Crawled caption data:
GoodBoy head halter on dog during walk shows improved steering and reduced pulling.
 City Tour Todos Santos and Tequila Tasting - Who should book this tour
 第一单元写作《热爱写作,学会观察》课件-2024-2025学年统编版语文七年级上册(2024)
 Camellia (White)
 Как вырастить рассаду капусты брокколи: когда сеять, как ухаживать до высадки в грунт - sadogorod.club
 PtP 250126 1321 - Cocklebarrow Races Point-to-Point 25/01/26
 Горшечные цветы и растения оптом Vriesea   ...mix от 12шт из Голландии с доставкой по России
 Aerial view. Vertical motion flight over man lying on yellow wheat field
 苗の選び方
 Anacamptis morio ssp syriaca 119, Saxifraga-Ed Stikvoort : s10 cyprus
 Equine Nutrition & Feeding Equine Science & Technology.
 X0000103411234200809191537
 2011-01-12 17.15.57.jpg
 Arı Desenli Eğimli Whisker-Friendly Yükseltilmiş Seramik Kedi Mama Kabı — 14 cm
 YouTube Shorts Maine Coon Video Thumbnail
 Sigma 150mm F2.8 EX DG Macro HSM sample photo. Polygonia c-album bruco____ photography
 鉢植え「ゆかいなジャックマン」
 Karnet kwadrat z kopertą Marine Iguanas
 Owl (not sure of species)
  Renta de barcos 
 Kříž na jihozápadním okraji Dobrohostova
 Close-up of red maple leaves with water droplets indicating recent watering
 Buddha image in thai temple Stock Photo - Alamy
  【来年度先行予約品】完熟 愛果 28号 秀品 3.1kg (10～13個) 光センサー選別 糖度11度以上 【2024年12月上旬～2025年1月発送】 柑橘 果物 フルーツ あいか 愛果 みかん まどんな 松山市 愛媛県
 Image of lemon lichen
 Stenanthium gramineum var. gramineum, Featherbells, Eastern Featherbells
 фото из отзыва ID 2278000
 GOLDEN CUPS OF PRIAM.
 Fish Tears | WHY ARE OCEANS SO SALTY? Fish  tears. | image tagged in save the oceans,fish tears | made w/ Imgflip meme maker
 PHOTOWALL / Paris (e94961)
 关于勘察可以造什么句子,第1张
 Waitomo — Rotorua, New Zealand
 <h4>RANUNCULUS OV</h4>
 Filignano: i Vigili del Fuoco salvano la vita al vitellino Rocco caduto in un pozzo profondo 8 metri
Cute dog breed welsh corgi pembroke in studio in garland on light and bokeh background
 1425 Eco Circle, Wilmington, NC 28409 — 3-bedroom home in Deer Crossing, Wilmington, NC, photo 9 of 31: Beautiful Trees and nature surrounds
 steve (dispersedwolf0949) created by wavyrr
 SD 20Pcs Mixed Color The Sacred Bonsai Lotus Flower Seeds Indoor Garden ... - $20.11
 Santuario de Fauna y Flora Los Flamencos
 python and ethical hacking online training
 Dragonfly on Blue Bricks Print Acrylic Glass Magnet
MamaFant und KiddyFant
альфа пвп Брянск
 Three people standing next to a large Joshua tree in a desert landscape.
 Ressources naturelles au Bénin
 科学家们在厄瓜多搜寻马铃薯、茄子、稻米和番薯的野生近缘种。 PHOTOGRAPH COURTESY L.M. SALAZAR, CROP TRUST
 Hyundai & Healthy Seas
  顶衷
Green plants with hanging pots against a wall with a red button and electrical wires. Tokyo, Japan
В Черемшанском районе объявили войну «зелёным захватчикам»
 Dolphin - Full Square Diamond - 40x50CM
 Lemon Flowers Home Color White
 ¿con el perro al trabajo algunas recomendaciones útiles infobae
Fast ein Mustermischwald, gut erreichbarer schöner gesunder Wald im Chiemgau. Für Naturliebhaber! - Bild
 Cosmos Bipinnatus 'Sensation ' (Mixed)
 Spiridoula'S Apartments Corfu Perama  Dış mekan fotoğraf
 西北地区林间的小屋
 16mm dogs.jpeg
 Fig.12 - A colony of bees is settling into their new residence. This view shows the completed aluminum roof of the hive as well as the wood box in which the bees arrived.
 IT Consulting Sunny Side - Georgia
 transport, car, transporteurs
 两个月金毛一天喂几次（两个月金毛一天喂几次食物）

Exercise requirements: Taking the entries above, write out exactly each line from the one holding "Arı Desenli Eğimli" to the one holding "Fish Tears | WHY", both included, and stop there.

Output below:
 Arı Desenli Eğimli Whisker-Friendly Yükseltilmiş Seramik Kedi Mama Kabı — 14 cm
 YouTube Shorts Maine Coon Video Thumbnail
 Sigma 150mm F2.8 EX DG Macro HSM sample photo. Polygonia c-album bruco____ photography
 鉢植え「ゆかいなジャックマン」
 Karnet kwadrat z kopertą Marine Iguanas
 Owl (not sure of species)
  Renta de barcos 
 Kříž na jihozápadním okraji Dobrohostova
 Close-up of red maple leaves with water droplets indicating recent watering
 Buddha image in thai temple Stock Photo - Alamy
  【来年度先行予約品】完熟 愛果 28号 秀品 3.1kg (10～13個) 光センサー選別 糖度11度以上 【2024年12月上旬～2025年1月発送】 柑橘 果物 フルーツ あいか 愛果 みかん まどんな 松山市 愛媛県
 Image of lemon lichen
 Stenanthium gramineum var. gramineum, Featherbells, Eastern Featherbells
 фото из отзыва ID 2278000
 GOLDEN CUPS OF PRIAM.
 Fish Tears | WHY ARE OCEANS SO SALTY? Fish  tears. | image tagged in save the oceans,fish tears | made w/ Imgflip meme maker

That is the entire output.